Gut zu sitzen ist nämlich schon eine Frage von Design und cleverer Technik. Immer wieder hört man die groteske Übertreibung, Sitzen sei das neue Rauchen. Bestimmt ist das überzogen – aber gutes Sitzen sollte schon geleitet sein, von Sorgfalt und Erkenntnissen über Arbeits- und Sitzverhalten. Von Orthopädie, von Druckpunkten und Ergonomie an Bildschirmarbeitsplätzen.
Autositze sind für Autos. Da geht es um Seitenhalt und Sicherheit und um Gemütlichkeit auf langen Strecken. Ja, Autohersteller machen sich viele Gedanken darüber, wie gut die Insassen sitzen. Da war die Krücke, einen Autositz in ein Fußballstadion zu schrauben, nicht so schlimm. Da sitzt man ja auch nur 1-2 Stunden. Wer nur einen Hammer hat – für den ist jedes Problem ein Nagel. Und wer bei einer Firma arbeitet, die Autositze herstellt, der findet überall sitzende Menschen. Der Weisheit letzter Schluss ist das trotzdem nicht.

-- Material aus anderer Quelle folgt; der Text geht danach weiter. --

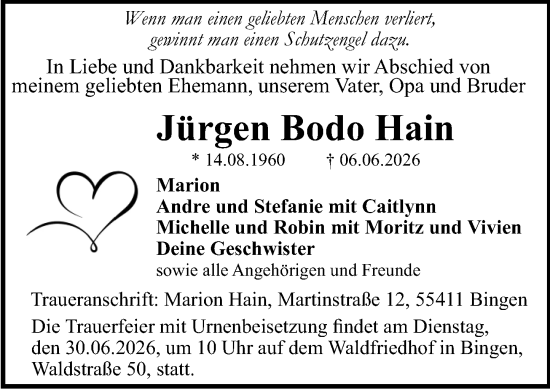Traueranzeige von Jürgen Bodo Hain von Binger-/Ingelheimer Wochenblatt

Der einzige Streamer, der recht prominent aus der Reihe der auf no-name Gaming Stuhl sitzenden Streamern ausschert, ist ausgerechnet der kanadische Super-Streamer xQc, Platz 5 der meistgefolgten Twitcher weltweit. Er (…und, ja, okay, Mcky) sitzt auf einem gemeinhin als sehr ergonomisch angesehenen HermanMiller Aeron.
Dieser Drehstuhl ist schon so lange auf dem Weg zum modernen Design-Klassiker, dass er schon wieder langweilig ist. Dabei glänzt er im Gegensatz zu den mit Kissen und Quatsch halbwegs „sitzbar“ gemachten Gaming Chairs mit Verstellbarkeit, Lumbalstütze, durchdachter Ergonomie, hoher Qualität und einer luftdurchlässigen Membran, auf der es sich auch nach Stunden gut sitzen lässt. Diese echten Qualitäten haben den Aeron wohl auch zu einem Darling unzähliger Webdesigner, Programmierer und Screen Worker der New Economy vor allem in den USA gemacht. „Gut Sitzen“ ist ein Auswahlkriterium bei Job Ausschreibungen im Silicon Valley – wie z.B. die Krankenversicherung oder andere „Perks“ im dortigen Arbeitsmarkt auch. Und wer sich gelegentlich Kinofilm Making-Ofs ansieht, der findet den Aeron bei Spezialeffektfirmen und in Tonstudios von London bis Los Angeles. Eine Ikone. Das Problem ist nur, dass das Ding mit gut 1500 EUR empfindlich teuer ist. Und gegen einen vor Dynamik und stehender Kraft nur so strotzenden Gaming Stuhl einfach, nun, lahm aussieht. Schon blöd, das mit dem ‚gut aussehen‘. „Wer schön sein will…“ naja.
Jetzt ist aber auch mal gut. Das war sie also, die Geschichte vom Autositz, der zum Gaming Sessel wurde. Da tut einem ja schon vom Lesen der Rücken weh! Autsch.